Cross-references: Date: 01/19/05 Submitted by: Tom Submitted to: Status (open/fixed): fixed
Reference lines (gray lines aligning OTU labels with their corresponding sequences in the data matrix) are printed when tree-only mode is used, even though they serve no purpose. This bug is fixed.
Cross-references: Date: 01/19/05 Submitted by: Tom Submitted to: Status (open/fixed): fixed
Exclude command in nextool causes subsequent errors when a NEXUS file with multiple characters blocks is used. The OTUs to be excluded are only excluded from the first characters block; this corrupts the file and prevents the other characters blocks from being read correctly because they contain OTUs not present in the taxa block. This bug is fixed, and exclude OTU appears to handle all blocks of the following types correctly: taxa, characters, trees, sets.
Cross-references: Date: 01/21/05 Submitted by: Tom Submitted to: Status (open/fixed): open
A dot representing a node is plotted at the root, even if a tree is designated unrooted using [&U] in the NEXUS file. If the -i flag is used, the label 'root' also appears next to the dot.
Cross-references: Date: 01/21/05 Submitted by: Tom Submitted to: Status (open/fixed): fixed
Rerooting command in nextool does not alter tree structure in written NEXUS file because the return value from the rerooting subroutine was being discarded. This has been fixed.

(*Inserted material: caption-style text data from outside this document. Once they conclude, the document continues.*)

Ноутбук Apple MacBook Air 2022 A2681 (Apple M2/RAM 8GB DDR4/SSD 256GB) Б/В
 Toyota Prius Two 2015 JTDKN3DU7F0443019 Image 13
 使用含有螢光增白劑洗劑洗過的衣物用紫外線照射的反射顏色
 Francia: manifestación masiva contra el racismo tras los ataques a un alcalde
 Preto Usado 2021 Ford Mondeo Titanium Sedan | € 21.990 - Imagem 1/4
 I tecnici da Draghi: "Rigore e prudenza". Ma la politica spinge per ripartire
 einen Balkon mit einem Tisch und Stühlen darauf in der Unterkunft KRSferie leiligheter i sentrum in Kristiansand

Cross-references: Date: 01/21/05 Submitted by: Tom Submitted to: Status (open/fixed): fixed
Rerooting does not remove old root, and the parent of the outgroup is selected as the new root, instead of a new node being added between the outgroup and its parent. At least in some cases (e.g. w/ basicbush.nex) this leads to a tree that undesirably trifurcates from the root.
Cross-references: Date: 01/25/05 Submitted by: Tom Submitted to: Status (open/fixed): fixed
More labels are printed than there are columns. This seems to be because the data for the matrix is taken from only one Characters Block, but the column labels comprise the character labels from all blocks.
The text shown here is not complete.